現場で作業道づくりに精を出されている皆さんに朗報です。


出版元(全林協)のホームページから引用します。

本書は、「壊れない道づくり」のための現場従事者、技術者に必携の一冊です。
 
著者は、現場の先頭に立って、35年間にわたって、道づくり(設計・施工・管理)を実践してきました。
 
本書では、著者と社員(清光林業株式会社)が、日頃の道づくりの実践や経験から得た知見、技術ノウハウ、工夫などを整理・集約し、たくさんの写真とイラストでわかりやすく紹介しています。
というわけで、これまで道づくりの本て全林協から結構でてるのね。


僕の手元には実際に5冊すべてありますが、ぶちゃっけ今回紹介する岡橋さんの本が一番分かりやすいです。

大橋さんの本はなんか難しいんですよ。
路網計画の段階で疲れてしまう感じ。

もちろん今回の本でもルート選定について詳しく書かれていますが、現場作業員目線なのでとても分かりやすいです。
もしかしたら岡橋さんと同じ吉野で作業道をつけているからかもしれませんが。。


湯浅さんと酒井さんの本は、これまで実際に道づくりを行っている人がギモンに思っていることなどを解決してくれる本だと思います。

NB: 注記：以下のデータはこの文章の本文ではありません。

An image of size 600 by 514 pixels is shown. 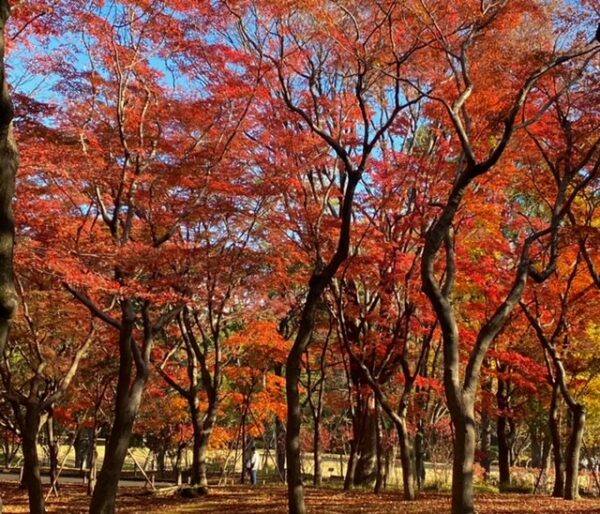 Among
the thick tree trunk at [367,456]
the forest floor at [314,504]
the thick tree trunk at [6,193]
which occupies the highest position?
the thick tree trunk at [6,193]

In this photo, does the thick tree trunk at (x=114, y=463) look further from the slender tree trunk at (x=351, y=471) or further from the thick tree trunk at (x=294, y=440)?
the slender tree trunk at (x=351, y=471)

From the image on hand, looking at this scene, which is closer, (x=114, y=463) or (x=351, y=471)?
(x=114, y=463)

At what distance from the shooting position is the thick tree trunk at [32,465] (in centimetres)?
1120

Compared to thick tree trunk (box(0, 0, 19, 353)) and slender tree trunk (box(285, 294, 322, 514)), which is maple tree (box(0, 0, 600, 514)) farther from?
thick tree trunk (box(0, 0, 19, 353))

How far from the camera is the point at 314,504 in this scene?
12984 millimetres

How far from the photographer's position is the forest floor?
1162 centimetres

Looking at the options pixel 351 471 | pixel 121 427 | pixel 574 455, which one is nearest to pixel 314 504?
pixel 121 427

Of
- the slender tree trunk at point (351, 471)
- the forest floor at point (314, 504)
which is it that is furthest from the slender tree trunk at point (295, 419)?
the slender tree trunk at point (351, 471)

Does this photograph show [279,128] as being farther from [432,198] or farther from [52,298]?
[52,298]

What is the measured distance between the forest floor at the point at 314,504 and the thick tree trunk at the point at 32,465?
2258mm

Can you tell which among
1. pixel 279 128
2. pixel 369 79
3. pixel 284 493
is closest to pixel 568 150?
pixel 369 79

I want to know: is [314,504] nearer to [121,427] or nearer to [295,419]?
[295,419]

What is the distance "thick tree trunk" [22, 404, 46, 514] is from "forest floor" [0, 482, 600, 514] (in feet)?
Answer: 7.41

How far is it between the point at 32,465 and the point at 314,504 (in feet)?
18.3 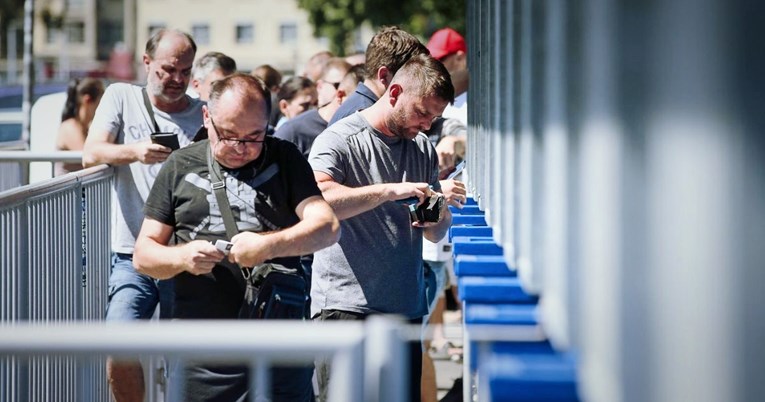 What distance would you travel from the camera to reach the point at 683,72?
5.51 ft

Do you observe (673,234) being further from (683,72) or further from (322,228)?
(322,228)

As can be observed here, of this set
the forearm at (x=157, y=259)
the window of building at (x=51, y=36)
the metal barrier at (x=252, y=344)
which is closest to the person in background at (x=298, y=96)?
the forearm at (x=157, y=259)

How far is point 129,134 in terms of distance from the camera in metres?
6.10

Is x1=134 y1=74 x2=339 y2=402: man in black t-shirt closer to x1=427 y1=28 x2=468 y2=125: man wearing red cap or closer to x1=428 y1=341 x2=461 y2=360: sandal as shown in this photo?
x1=427 y1=28 x2=468 y2=125: man wearing red cap

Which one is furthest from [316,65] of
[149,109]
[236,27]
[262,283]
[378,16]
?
[236,27]

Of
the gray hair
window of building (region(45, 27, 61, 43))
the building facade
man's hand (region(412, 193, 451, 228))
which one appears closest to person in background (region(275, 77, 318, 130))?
the gray hair

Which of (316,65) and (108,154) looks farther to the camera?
(316,65)

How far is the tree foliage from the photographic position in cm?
4325

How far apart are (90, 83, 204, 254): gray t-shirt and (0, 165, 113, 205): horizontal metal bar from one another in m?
0.12

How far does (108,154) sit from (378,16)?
130 feet

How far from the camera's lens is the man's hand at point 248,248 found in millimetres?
4133

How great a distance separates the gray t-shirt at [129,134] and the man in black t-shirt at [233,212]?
64.3 inches

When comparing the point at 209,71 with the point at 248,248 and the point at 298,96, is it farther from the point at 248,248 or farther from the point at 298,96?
the point at 248,248

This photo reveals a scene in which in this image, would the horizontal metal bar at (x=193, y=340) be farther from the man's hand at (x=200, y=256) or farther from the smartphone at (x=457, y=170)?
the smartphone at (x=457, y=170)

正直、大橋さんと岡橋さんの共著の本よりも、今回紹介した本の方が分かりやすいです。
わかりやすいというか読みやすいというか、より実践的というか。

今回の本、道づくりのレシピみたいな感じですもん。
これが全国どこでも通用するかは僕には分からないのですが、どこかとっつきにくさのあった類書とは一線を画すことは間違いないですね。

ぜひ手に取ってみてください。
名著だと思います。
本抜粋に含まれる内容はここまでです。